_Problem_
Take the entries below and reproduce exactly the portion that begins at the line containing "a patio with" and ends at the line containing "A quantity of vintage Christmas decorations.", keeping both ends, dropping pictures, and adding nothing else.

_Excerpted data_
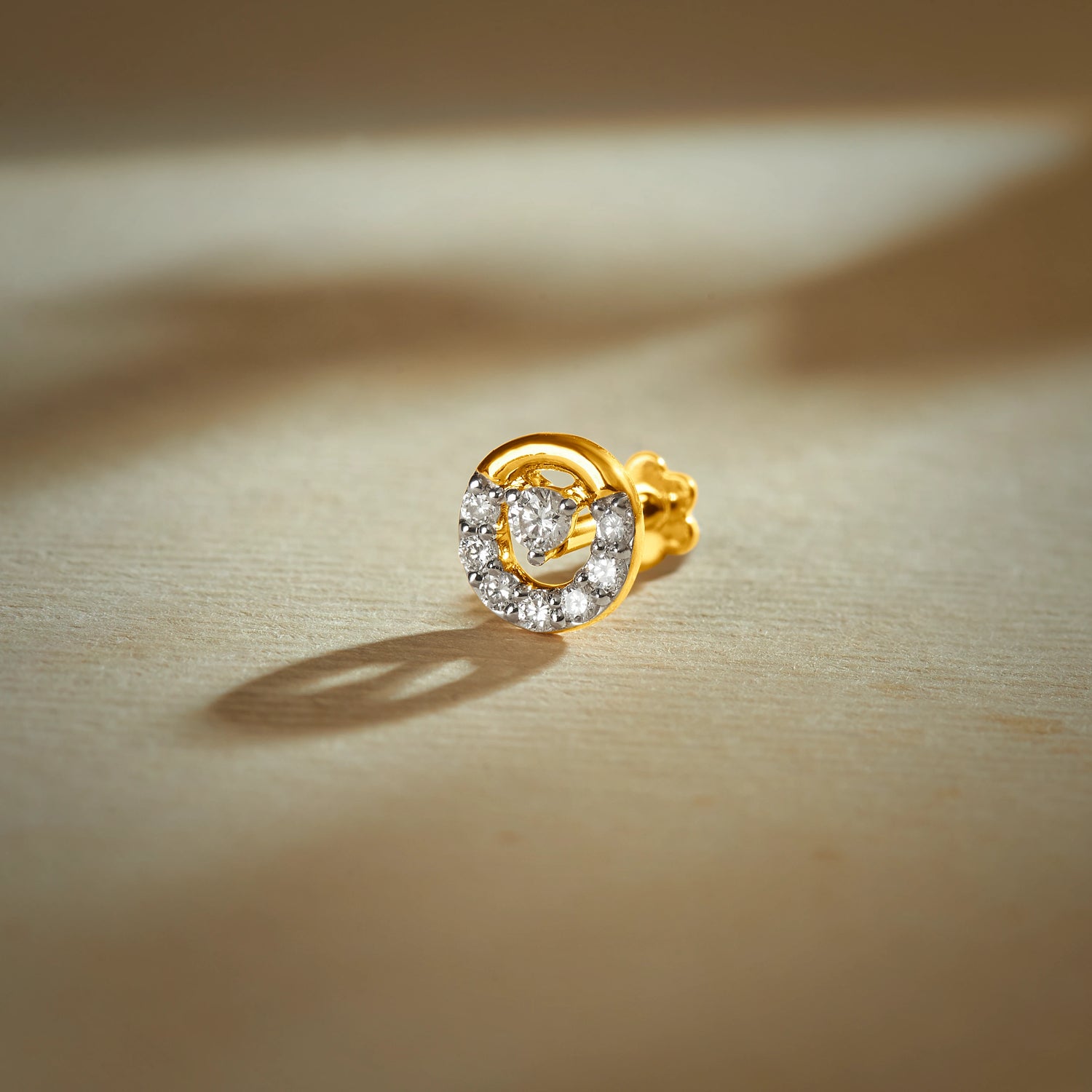 Gold nose pin with spiral circular design featuring sparkling stones set in a polished gold base on a soft neutral background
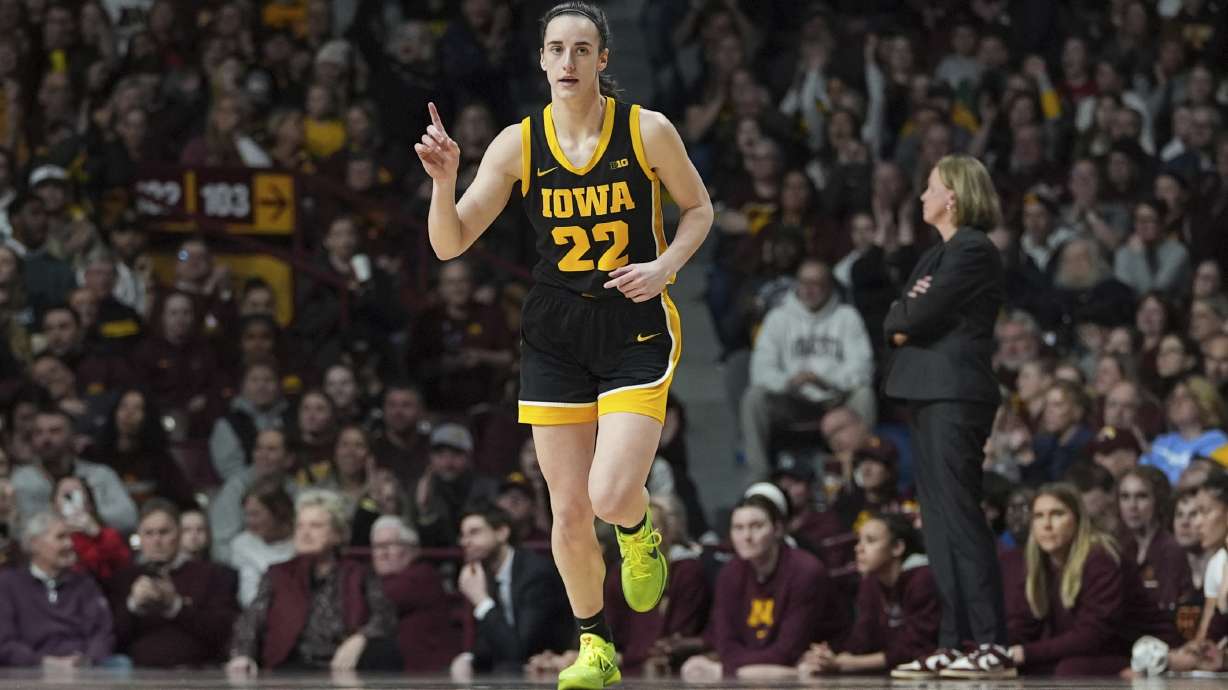 Iowa guard Caitlin Clark (22) points after an Iowa basket scored during the first half of an NCAA college basketball game against Minnesota, Wednesday, Feb. 28, 2024, in Minneapolis.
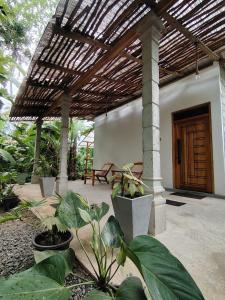 a patio with a wooden pergola and some plants at Dothalu Villa in Ahangama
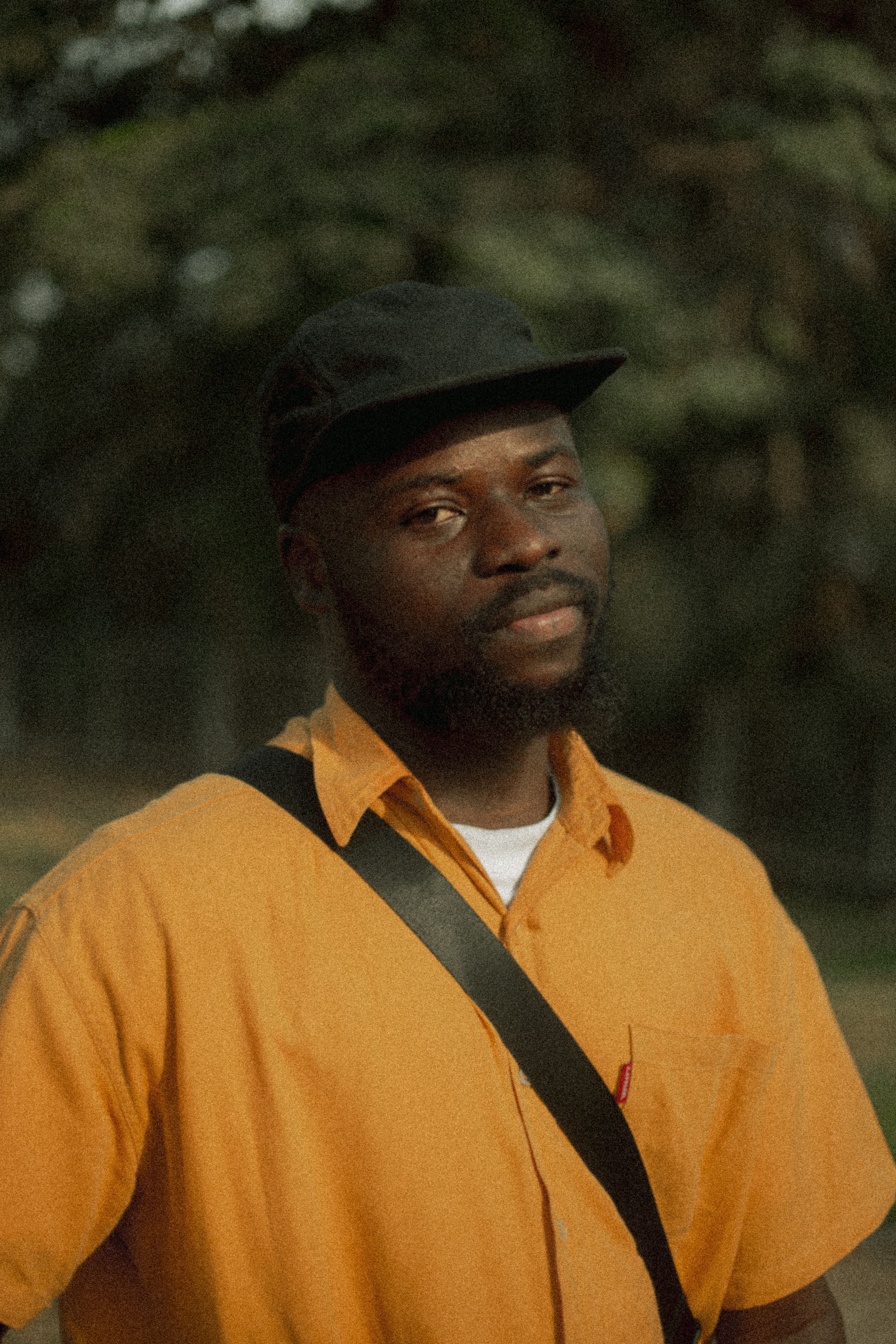 Serene portrait of a man in an orange shirt taken outdoors in Abuja, Nigeria.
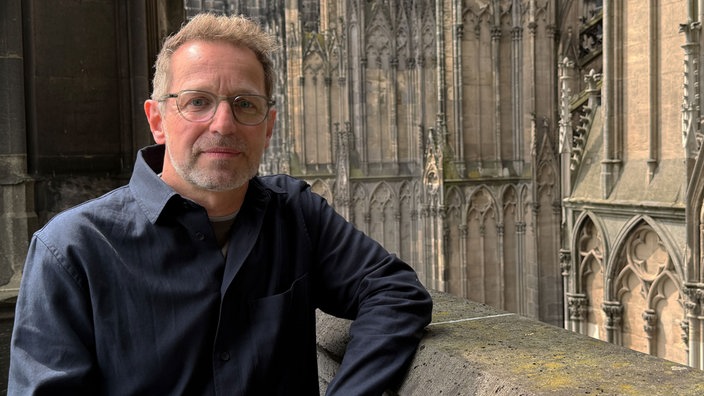 Dombaumeister Peter Füssenich schaut vor der Fassade des Kölner Doms in die Kamera.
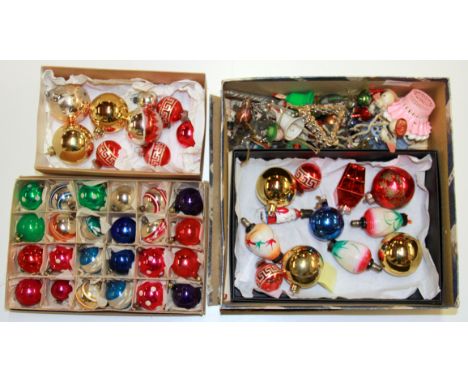 A quantity of vintage Christmas decorations.
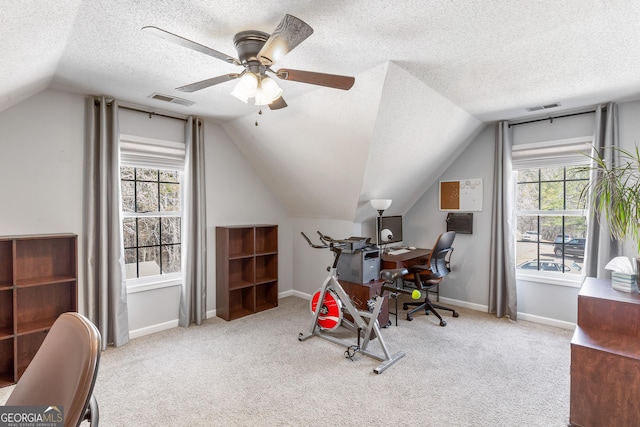 carpeted home office featuring ceiling fan, lofted ceiling, a healthy amount of sunlight, and a textured ceiling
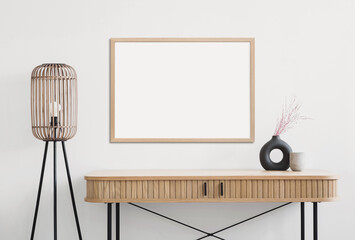 Obraz premium Empty horizontal frame mockup in modern minimalist interior with plant in trendy vase on white wall background. Template for artwork, painting, photo or poster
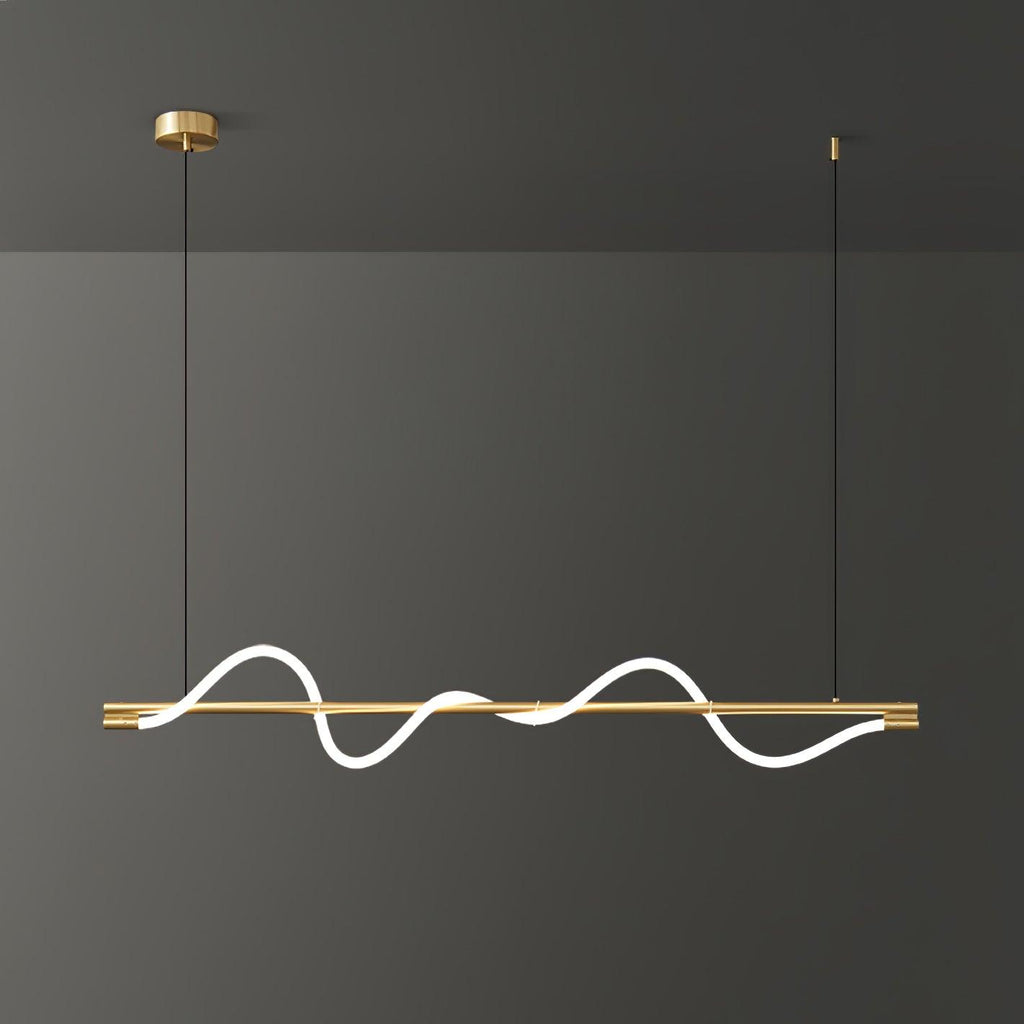 Brass Clérachic linear pendant lit with a deep wave, on a brass canopy against a dark grey wall.
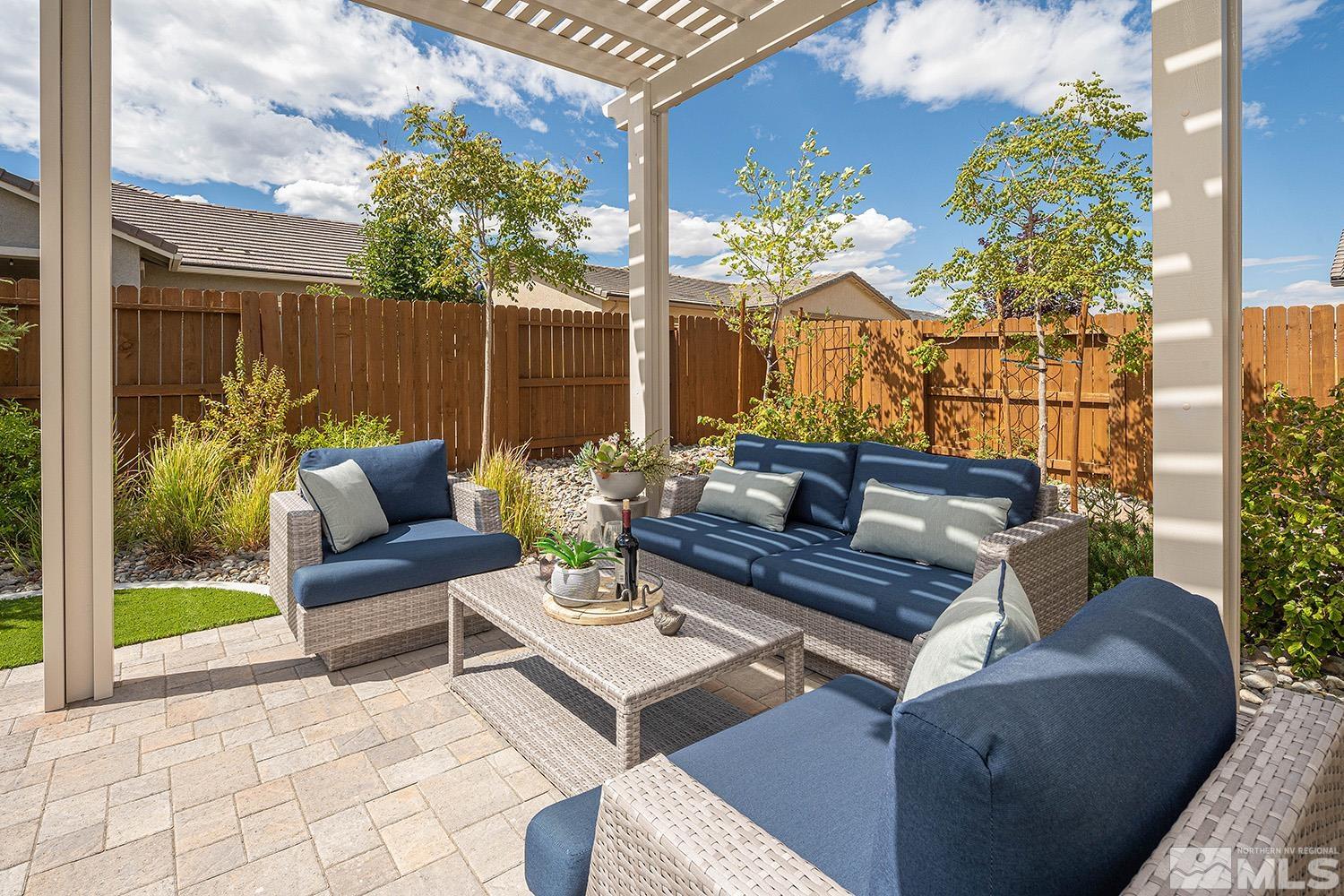 9579 Gazala Lane Reno, NV 89521 - Photo 12 of 40 a outdoor living space with furniture and a potted plant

_Written answer_
 a patio with a wooden pergola and some plants at Dothalu Villa in Ahangama
 Serene portrait of a man in an orange shirt taken outdoors in Abuja, Nigeria.
 Dombaumeister Peter Füssenich schaut vor der Fassade des Kölner Doms in die Kamera.
 A quantity of vintage Christmas decorations.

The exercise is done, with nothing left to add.